*Assigned task*.
The listing is to be repeated exactly, and its pictures are to be left out.
Start of Records provided
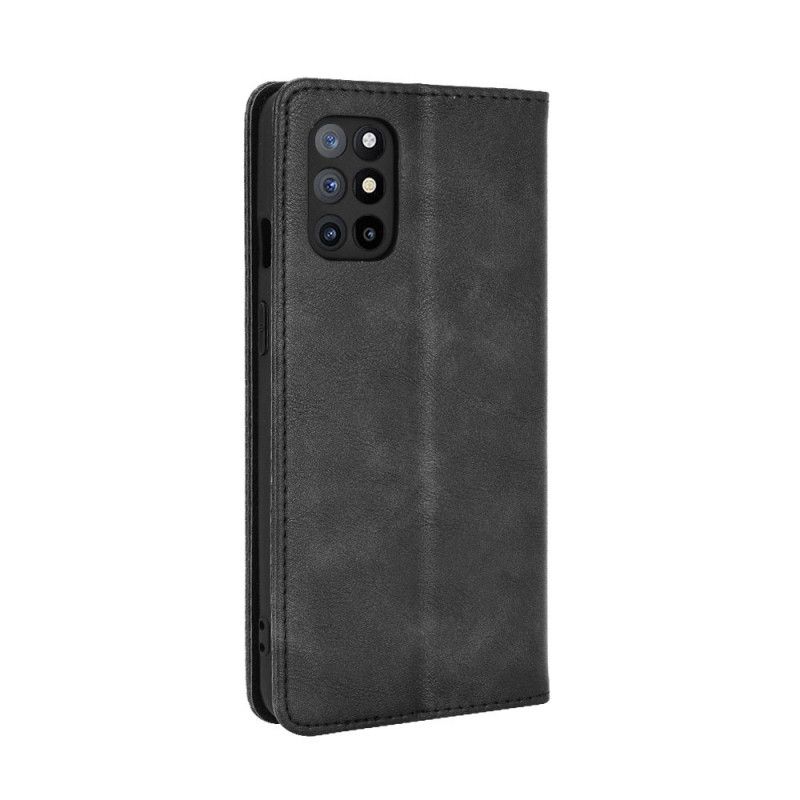 Flip Case OnePlus 8T Schwarz Vintage Stilisierter Ledereffekt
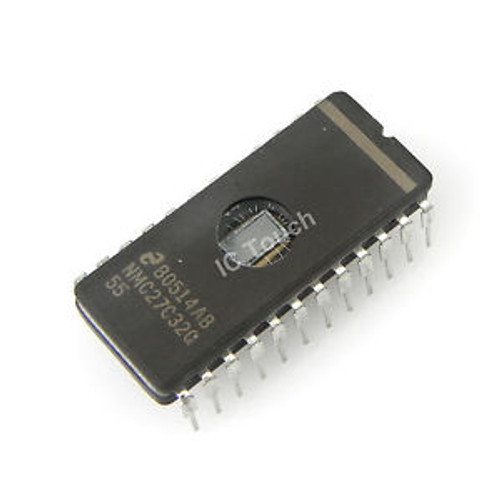 50pcs NMC27C32Q-55 IC  32,768-Bit (4096 x 8) National Semiconductor IC CDIP-24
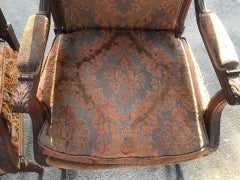 Pair of Louis XVI style armchairs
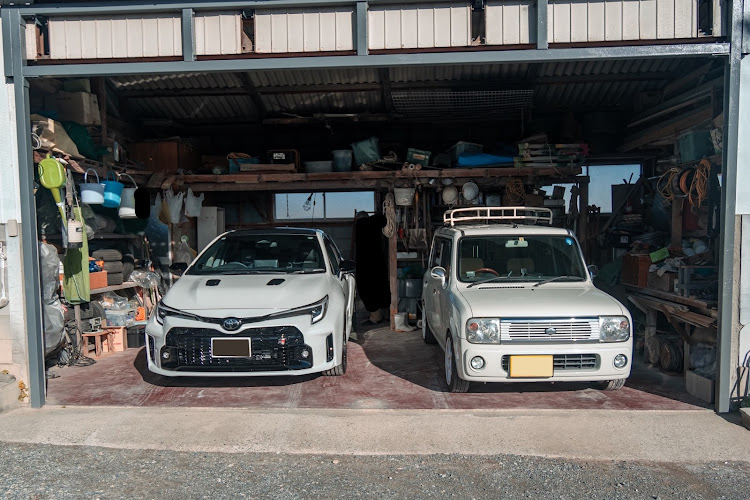 WRX S4のGRカローラ・納車・アルトラパンhe21sに関するカスタム事例の投稿画像4枚目
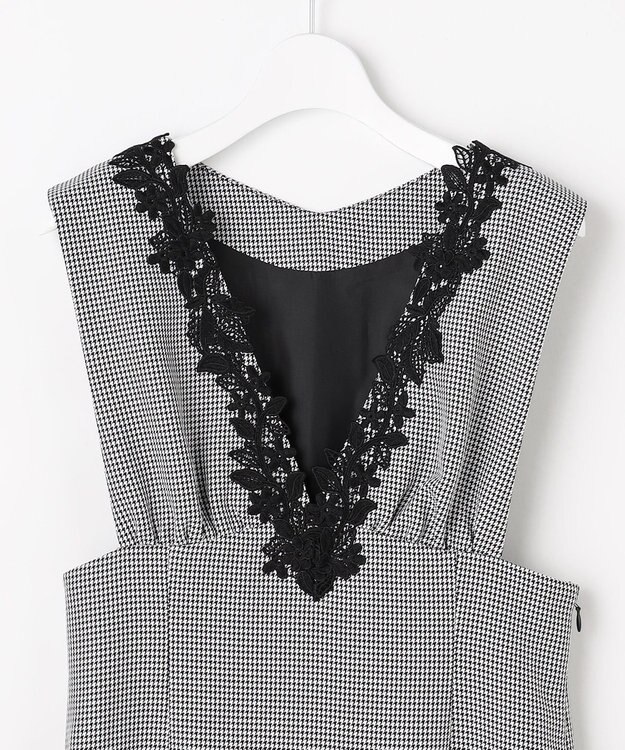 Feroux 美シルエットレース ジャンパースカート ホワイト系2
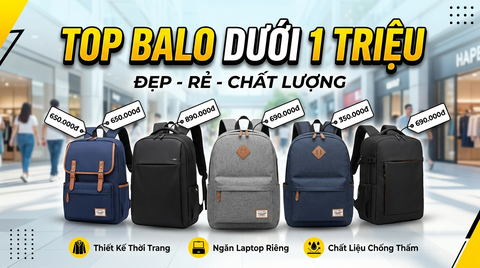 Top Balo Dưới 1 Triệu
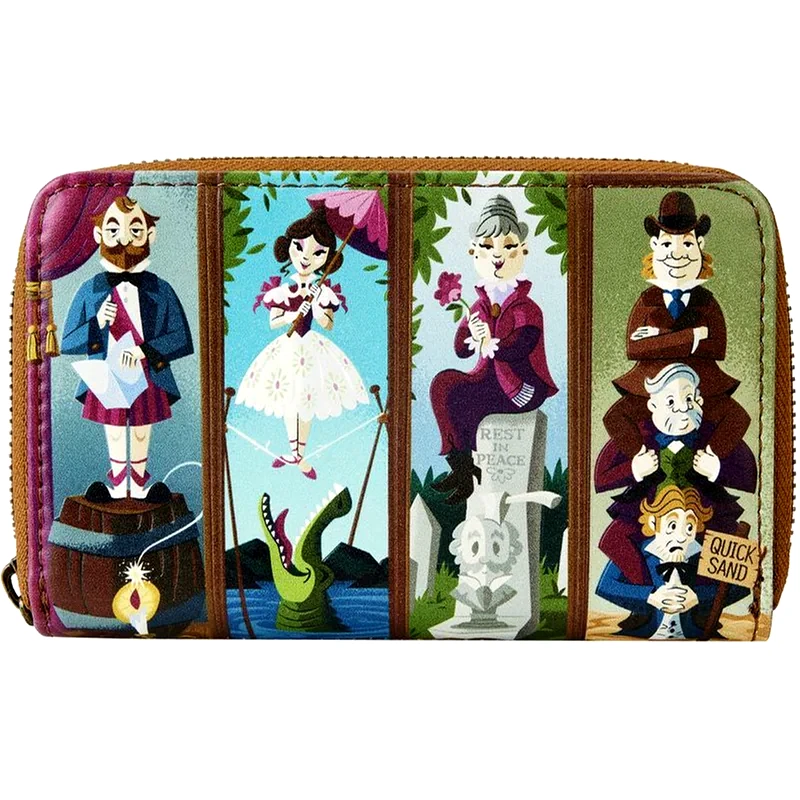 LOUNGEFLY Πορτοφόλι Loungefly - Disney - Haunted Mansion - Portraits Zip Around Wallet (WDWA2666)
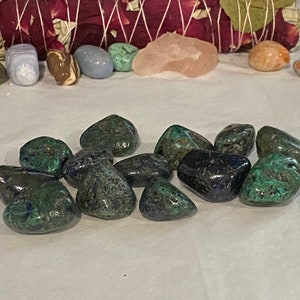 Azurite and Malachite Tumble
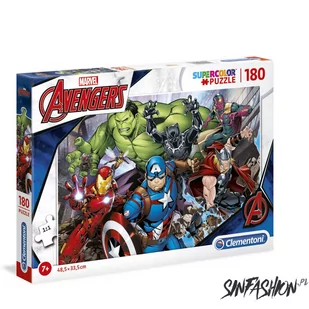 Marvel Avengers puzzle 180pcs - Puzzle - miniaturka - grafika 1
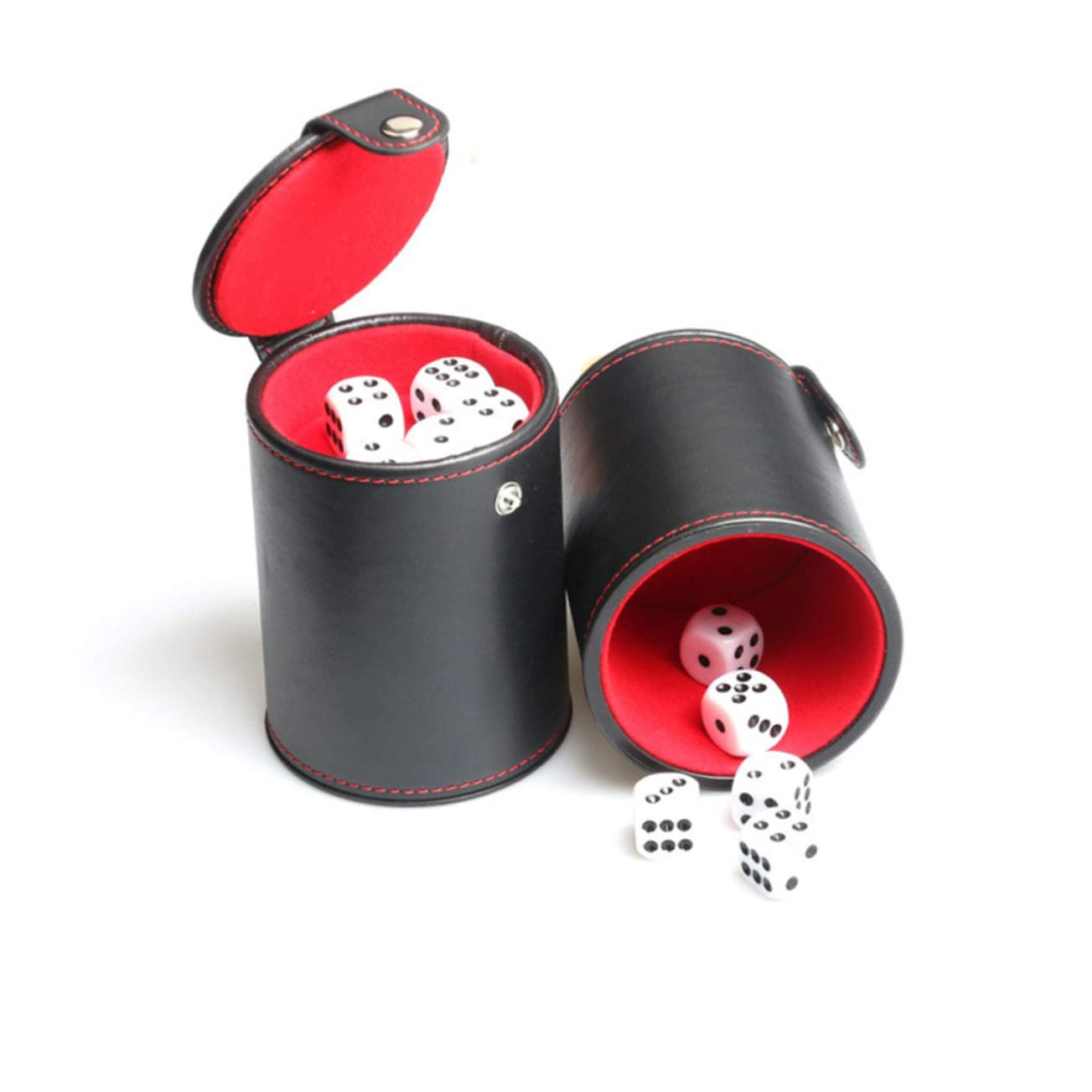 Alasum 3stücke Double Layer Silence Dice Box Leiser Würfelbecher Pu Brettspiele Ktv Und Bars Mit Für Würfel Würfel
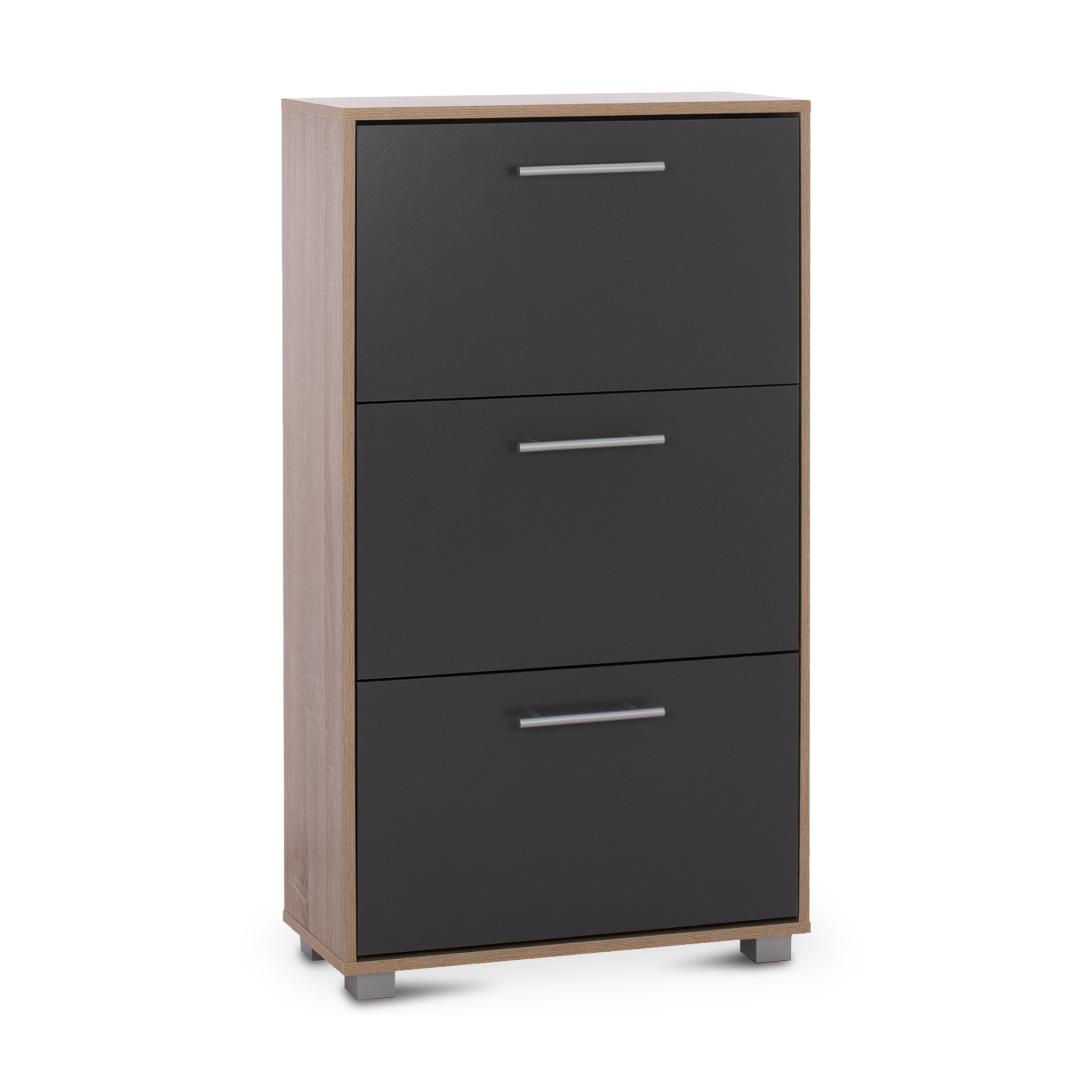 DAVINA Sonoma and Grey Shoe Cabinet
End of Records provided
*Task output*.
 Flip Case OnePlus 8T Schwarz Vintage Stilisierter Ledereffekt
 50pcs NMC27C32Q-55 IC  32,768-Bit (4096 x 8) National Semiconductor IC CDIP-24
 Pair of Louis XVI style armchairs
 WRX S4のGRカローラ・納車・アルトラパンhe21sに関するカスタム事例の投稿画像4枚目
 Feroux 美シルエットレース ジャンパースカート ホワイト系2
 Top Balo Dưới 1 Triệu
 LOUNGEFLY Πορτοφόλι Loungefly - Disney - Haunted Mansion - Portraits Zip Around Wallet (WDWA2666)
 Azurite and Malachite Tumble
 Marvel Avengers puzzle 180pcs - Puzzle - miniaturka - grafika 1
 Alasum 3stücke Double Layer Silence Dice Box Leiser Würfelbecher Pu Brettspiele Ktv Und Bars Mit Für Würfel Würfel
 DAVINA Sonoma and Grey Shoe Cabinet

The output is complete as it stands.